Forty-four people were killed in Marikana near Rustenburg, North West, in August 2012 during a violent wildcat strike.
Lonmin workers downed tools demanding a minimum monthly salary of R12,500. They also rejected the majority trade union, National Union of Mineworkers and elected a committee to represent them.
On August 16 2012, thirty-four mineworkers were killed when the police opened fire on them. Ten other people including two policemen and two Lonmin security guards were killed in the week leading up to August 16.
The Competition Tribunal, the regulatory body which provides final approval for large mergers in South Africa, on Wednesday approved the proposed acquisition of Lonmin by Sibanye-Stillwater.

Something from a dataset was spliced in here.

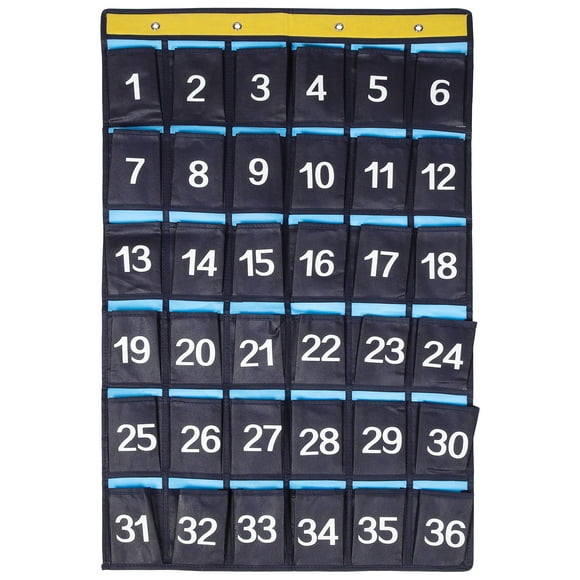 Bolsos de bolsillos numerados Teléfono celular Organizador de colgantes Bolsa de almacenamiento colgante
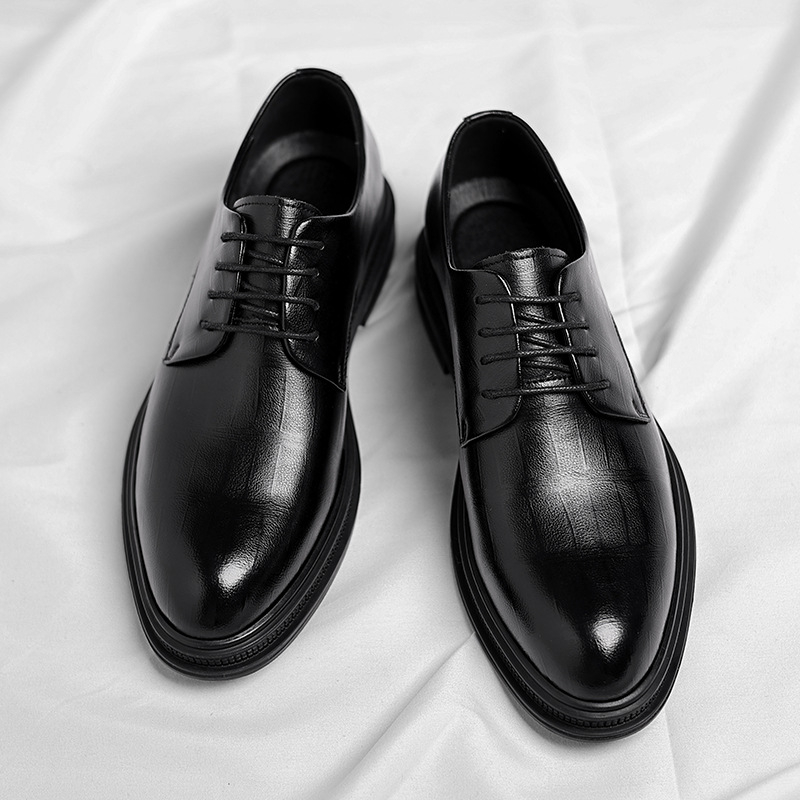 أحذية رجالية رسمية سوداء من ال - مراجعة Men Formal Wear All Black وسعره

Sibanye offered R5.17 billion for Lonmin in a deal that would create the world's second largest platinum producer.
As recommended by the Competition Commission, the acquisition was approved subject to specific conditions, including mitigating the negative impact of job losses on more than 3,000 employees who were likely to be retrenched.
However, Ramoba said they were not happy with the approval of the merger.
"Marikana is volatile and conditions should be placed for this merger in order to address social and economic issues faced by the communities.
"Our main concern is that the 2012 incident is going to happen again as strict conditions to ensure compliance with SLPs [social labour plans] are not put in place. People are not going to accept this merger without conditions that speak to and safeguard their social and public interests," Ramoba said.
"We are immediately going to review and appeal the tribunal’s decision and there is no deal that’s going to happen here.
"The tribunal did not address the issues of SLPs, community consultation and participation fully with satisfactory conditions and therefore we are going to immediately review the Tribunal’s decision approving this merger," he saidl
He said they were still awaiting the judgement of the North West High Court after they took the department of mineral resources to court for failure to enforce Lonmin's compliance with SLPs.
"We are prepared even on this matter with the tribunal to go all the way to the highest court in the land, the Constitutional Court, and we attest that there won’t be any deal of this nature in this country," Ramoba said.